Avvenire V di Pasqua

Una vite e un vignaiolo: cosa c’è di più semplice e familiare? Una pianta con i tralci carichi di grappoli; un contadino che la cura con le mani che conoscono la terra e la corteccia: mi incanta questo ritratto che Gesù fa di sé, di noi e del Padre. Dice Dio con le semplici parole della vita e del lavoro, parole profumate di sole e di sudore.

Non posso avere paura di un Dio così, che mi lavora con tutto il suo impegno, perché io mi gonfi di frutti succosi, frutti di festa e di gioia. Un Dio che mi sta addosso, mi tocca, mi conduce, mi pota. Un Dio che mi vuole lussureggiante. Non puoi avere paura di un Dio così, ma solo sorrisi.

Io sono la vite, quella vera. Cristo vite, io tralcio. Io e lui, la stessa cosa, stessa pianta, stessa vita, unica radice, una sola linfa. Novità appassionata. Gesù afferma qualcosa di rivoluzionario: Io la vite, voi i tralci. Siamo prolungamento di quel ceppo, siamo composti della stessa materia, come scintille di un braciere, come gocce dell’oceano, come il respiro nell’aria. Gesù-vite spinge incessantemente la linfa verso l’ultimo mio tralcio, verso l’ultima gemma, che io dorma o vegli, e non dipende da me, dipende da lui. E io succhio da lui vita dolcissima e forte.

Dio che mi scorri dentro, che mi vuoi più vivo e più fecondo. Quale tralcio desidererebbe staccarsi dalla pianta?
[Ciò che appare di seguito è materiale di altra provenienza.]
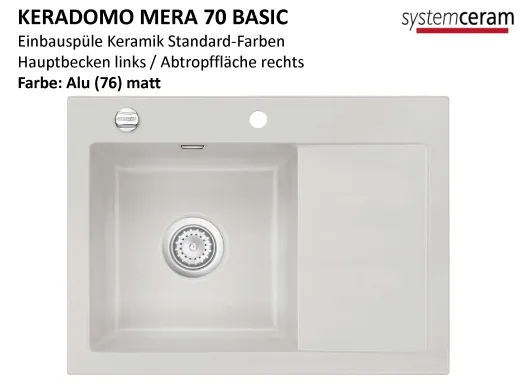 Systemceram KeraDomo MERA 70 Basic Keramiksple / Einbausple in Standardfarben fr die Kche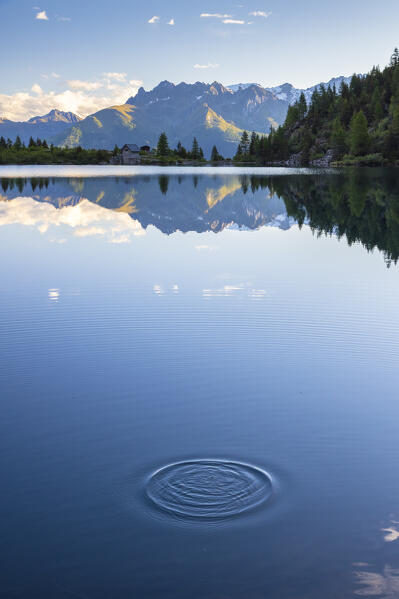 Summer view of the Aviolo lake in the Adamello park. Edolo,Brescia province, Italy, Europe.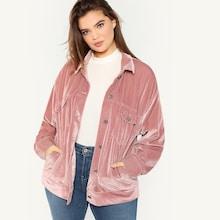 Shein Plus Button Up Velvet Jacket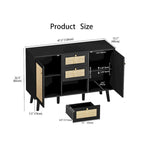 Anmytek Modern Wood Rattan Black Buffet Sideboard Accent Storage Cabinet with 3 Drawers and 2 Doors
Perché mai vorrebbe desiderare la morte?

E il mio padre è il vignaiolo: un Dio contadino, che si dà da fare attorno a me, non impugna lo scettro ma la zappa, non siede sul trono ma sul muretto della mia vigna. A contemplarmi. Con occhi belli di speranza.

Ogni tralcio che porta frutto lo pota perché porti più frutto. Potare la vite non significa amputare, bensì togliere il superfluo e dare forza; ha lo scopo di eliminare il vecchio e far nascere il nuovo. Qualsiasi contadino lo sa: la potatura è un dono per la pianta. Così il mio Dio contadino mi lavora, con un solo obiettivo: la fioritura di tutto ciò che di più bello e promettente pulsa in me.
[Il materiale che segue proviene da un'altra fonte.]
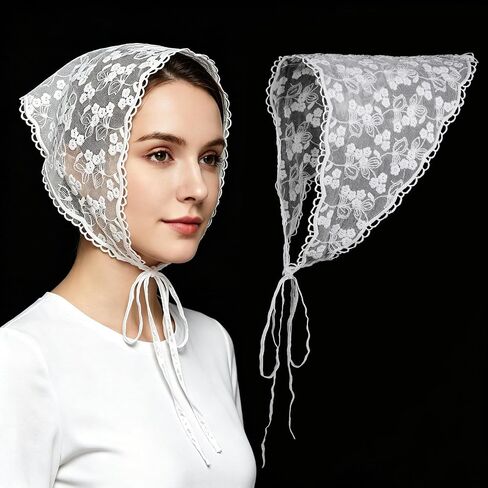 Lace Bandana for Women, Boho Floral White Lace Head Scarf Vintage Stylish Hair Triangle Scarf Headband for Spring Summer Cute Head Kerchief Accessories in Saudi Arabia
Tra il ceppo e i tralci della vite, la comunione è data dalla linfa che sale e si diffonde fino all’ultima punta dell’ultima foglia. C’è un amore che sale nel mondo, che circola lungo i ceppi di tutte le vigne, nei filari di tutte le esistenze, un amore che si arrampica e irrora ogni fibra. E l’ho percepito tante volte nelle stagioni del mio inverno, nei giorni del mio scontento; l’ho visto aprire esistenze che sembravano finite, far ripartire famiglie che sembravano distrutte. E perfino le mie spine ha fatto rifiorire.

“Siamo immersi in un oceano d’amore e non ce ne rendiamo conto” (G. Vannucci). In una sorgente inesauribile, a cui puoi sempre attingere, e che non verrà mai meno.